* **DATA IN THIS EXERCISE**:

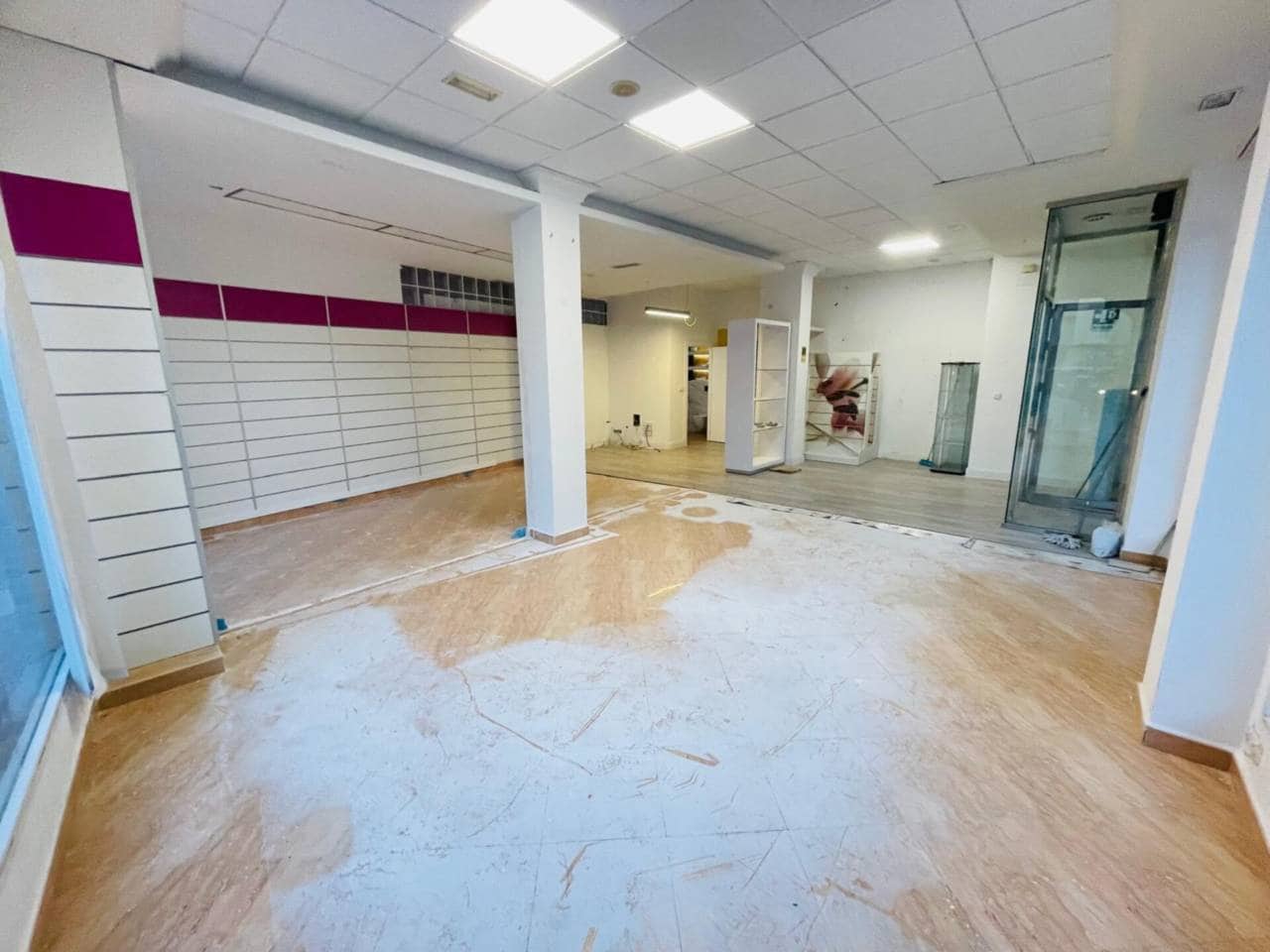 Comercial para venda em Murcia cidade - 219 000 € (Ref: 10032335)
...
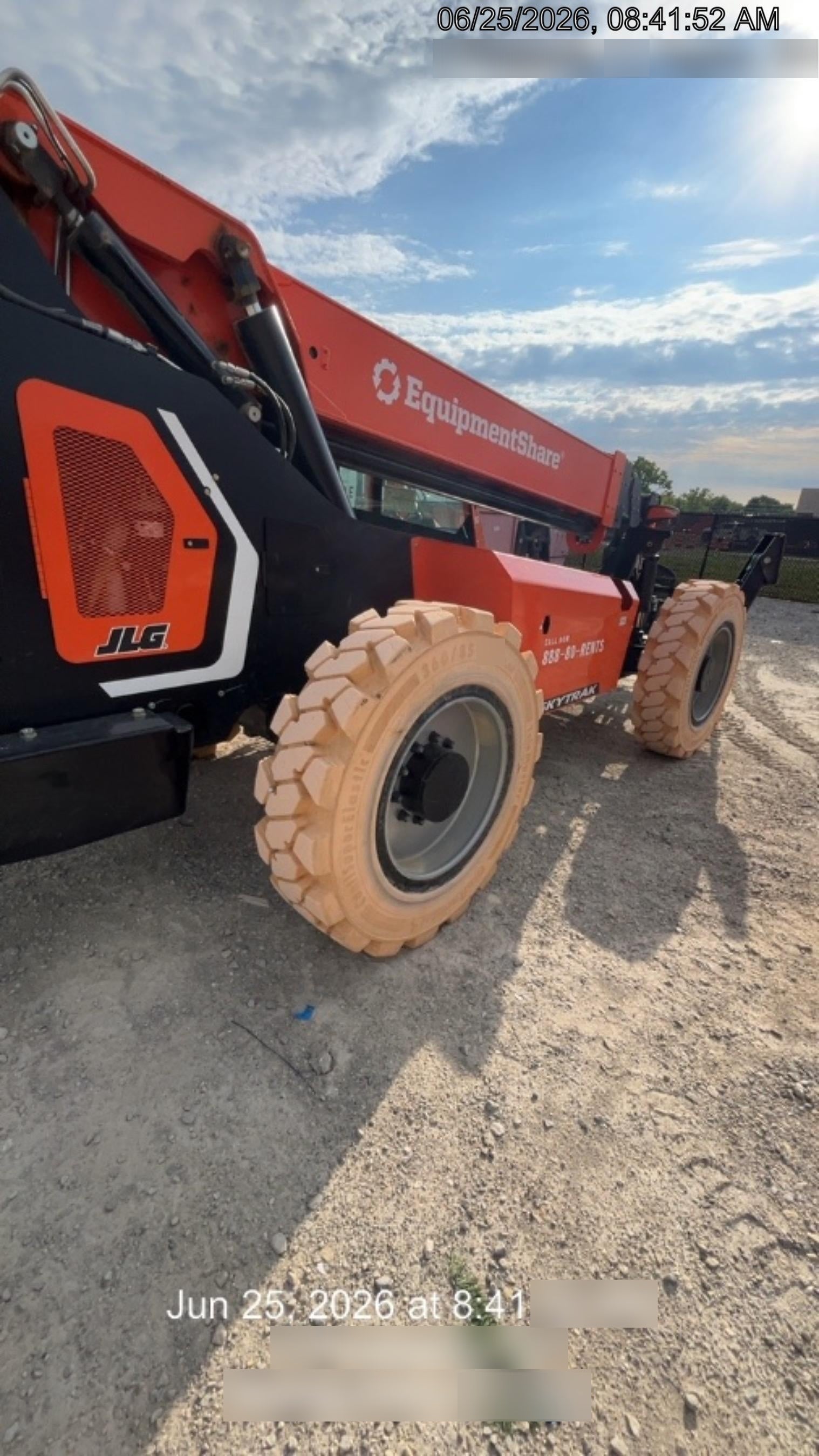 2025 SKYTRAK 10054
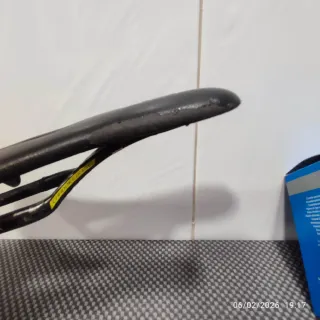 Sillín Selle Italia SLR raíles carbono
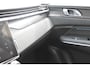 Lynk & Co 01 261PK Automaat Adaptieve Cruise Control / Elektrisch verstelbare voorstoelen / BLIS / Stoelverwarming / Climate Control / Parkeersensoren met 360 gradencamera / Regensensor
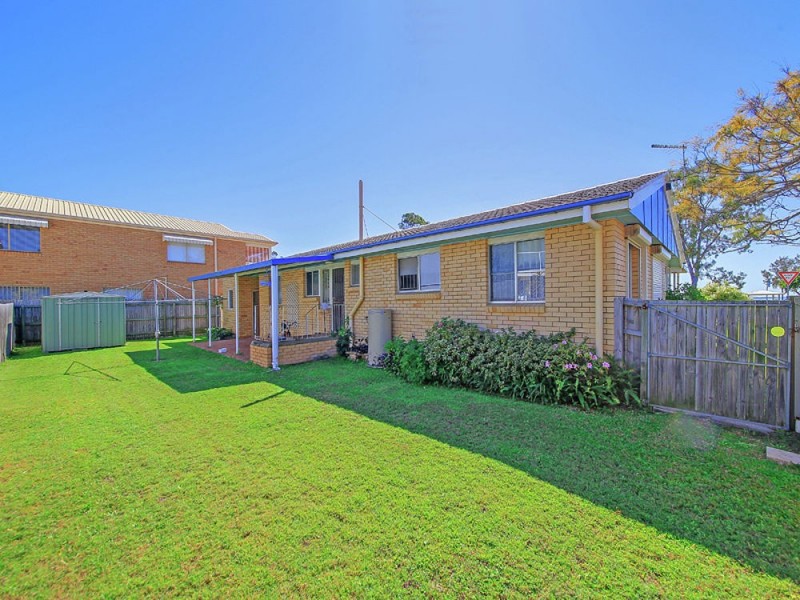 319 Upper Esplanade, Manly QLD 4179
==
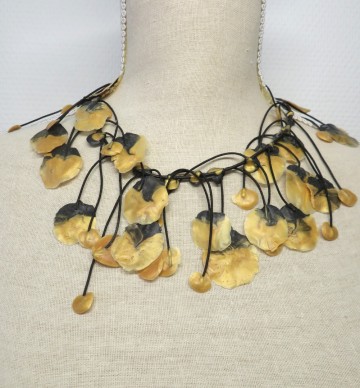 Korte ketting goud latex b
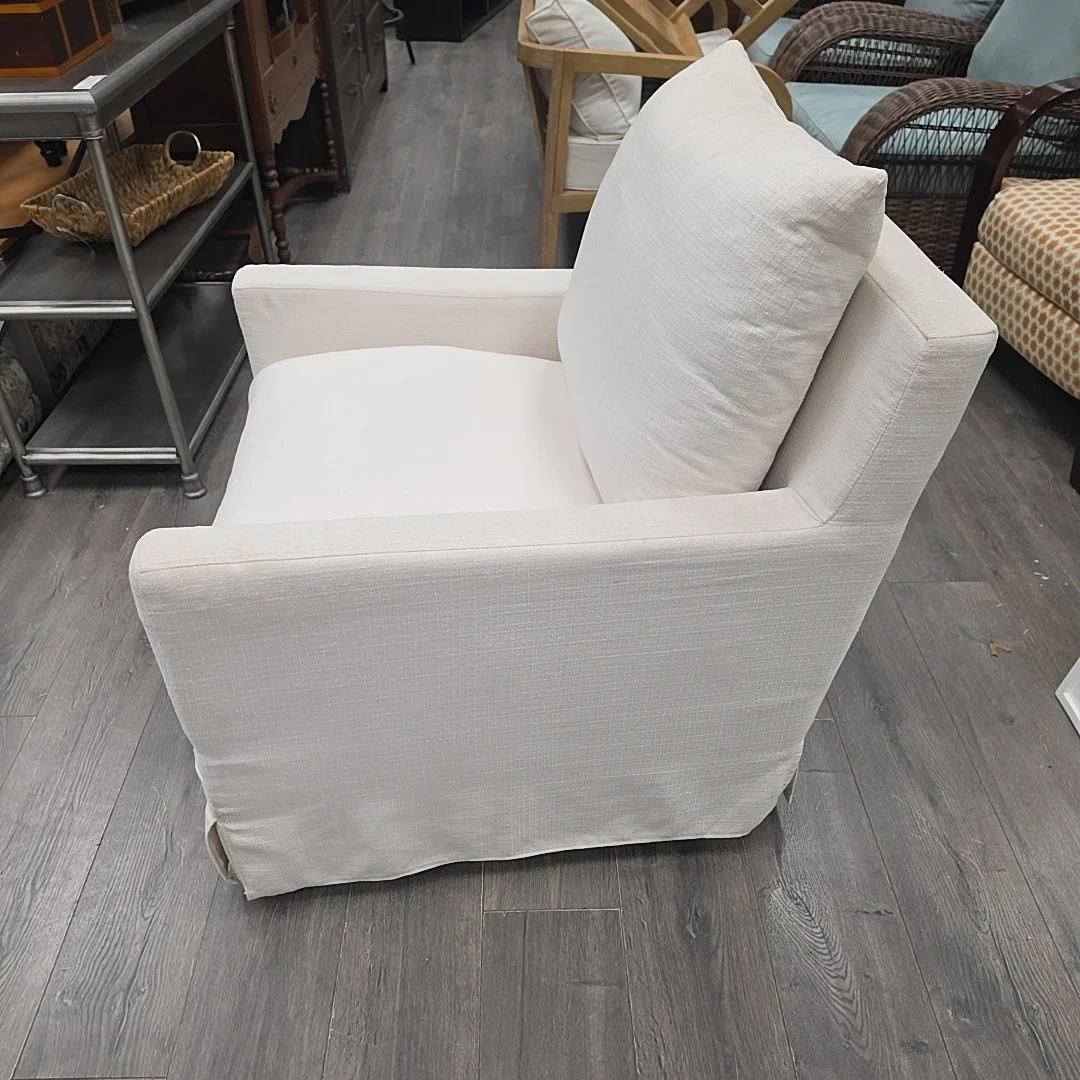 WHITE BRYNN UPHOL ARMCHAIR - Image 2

* **TASK PROMPT**:
Copy only what lies between the line with "2025 SKYTRAK 10054" and the line with "319 Upper Esplanade, Manly QLD 4179", those two lines included, exactly as given above; pictures stay out.

* **REPLY TO THE TASK**:
 2025 SKYTRAK 10054
 Sillín Selle Italia SLR raíles carbono
 Lynk & Co 01 261PK Automaat Adaptieve Cruise Control / Elektrisch verstelbare voorstoelen / BLIS / Stoelverwarming / Climate Control / Parkeersensoren met 360 gradencamera / Regensensor
 319 Upper Esplanade, Manly QLD 4179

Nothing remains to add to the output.